Hope you all can use these tips on how to grow lavender! You might want to check out our post on “Clever Projects Made Using Herbs“!
LABVENDER GARDEN
Very good advise I have several kinds of lavender in my Calitornia garden & love them all I enjoy drying & making lavender wands to give as small gifts anytime, but also to lay on the top of pictures on my walls. Usually I bind them with narrow pastel coloured ribbon that hangs down a little at the side of the painting. The faint smells can be refreshed with lavender perfumes when they fade. Friends like the lavender filled pockets I sew out of lace handkerchiefs to put in their draws.
Thank you very much for simple and good advices. I am trying the second time (first was failed). Rised beds – is a good idea.
I grow lavender up either side of my flagstone walkway. It softens the hard look of the stone. And I make a lemon and lavender shortbread thats yummy.
I grew lavender just so I could make these cookies, they are my favorite!
http://allrecipes.com/recipe/95697/lavender-shortbread-cookies/
Love you blog thanks for all the good tips.
Thank you for your site, I have read a couple of your ideals and they have helped a lot. I pinned you so hopefully I will not lose your site. Thank you again.
Hi, Kathy! Just loving your blog!!! Let me share one tip about lavender! Once I met a french farmer from Provence and he told me to put eggshell on the containers where I plant lavender. I break them into small pieces (with a lovely help from my son) and put regularly. I think the plants liked that!!!
Enjoy your web site… Great tips and wonderful photos! Thank you. Re: Lavender… I didn’t realize Lavender has such a short life span. What do you mean by the term ‘volunteers’? “Lavender volunteers show up each year in droves, so there are always new plants ready to take over the ones that have passed their prime!”
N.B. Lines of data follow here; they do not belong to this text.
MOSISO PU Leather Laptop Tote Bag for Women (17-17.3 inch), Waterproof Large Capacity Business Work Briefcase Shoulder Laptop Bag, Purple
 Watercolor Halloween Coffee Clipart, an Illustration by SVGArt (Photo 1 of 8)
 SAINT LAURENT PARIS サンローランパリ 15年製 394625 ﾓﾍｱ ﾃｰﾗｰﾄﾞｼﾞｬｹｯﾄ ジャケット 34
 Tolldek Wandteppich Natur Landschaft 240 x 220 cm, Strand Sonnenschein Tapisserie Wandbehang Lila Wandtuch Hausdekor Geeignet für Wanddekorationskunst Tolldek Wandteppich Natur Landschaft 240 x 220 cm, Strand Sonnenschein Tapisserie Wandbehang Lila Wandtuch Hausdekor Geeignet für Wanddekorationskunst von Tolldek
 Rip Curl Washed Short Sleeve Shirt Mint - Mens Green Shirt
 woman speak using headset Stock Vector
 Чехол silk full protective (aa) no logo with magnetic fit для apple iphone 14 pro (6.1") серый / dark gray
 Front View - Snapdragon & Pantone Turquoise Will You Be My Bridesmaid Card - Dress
Volunteers are baby plants that just pop up each year, so if you let some of them grow, they will be mature about the time the older plants need to be pulled up.
Can lavender grow in zone 5 sunny or shady
You can grow English lavender in zone 5!
Can lavender grow in zone 14 or 15? I am from Philippines.
Honestly, I don’t know… It’s possible it can grow but it will likely be short lived, more like an annual. Good luck!
Hello Kathy,
My lavender is potted. I pottted it this past spring because it was rather small. I live in Wisconsin and we just had our first frost. It seems to be okay outside but do you think I should bring it in or leave it outside or even hurry up and put it in the ground? Please help. At a lost as to what to do with them.
Hi Arnetta,
It really depends in what kind of lavender it is… at this late point, I would probably bring it inside until early spring, or you could put it in the ground temporarily with the pot and all… Plating it in the ground now might shock it, but if you bring it indoors, make sure it gets bright light and some humidity.
I live in central western Massachusetts and have a lovely lavender garden bed that is now approaching it’s 4th year. I have only lost one in that time. My advise is to look for varieties that are hardy to zone 5 as I did. Phenominal (pardon my spelling) is really as it says it is. I’ve gotten 2 bloomings in a season from them. Grasso is another variety that you may enjoy as well. However, as “easy” as it is to grow & it is, you must be careful of how far down you trim your plants, Just to the woody part. Good luck.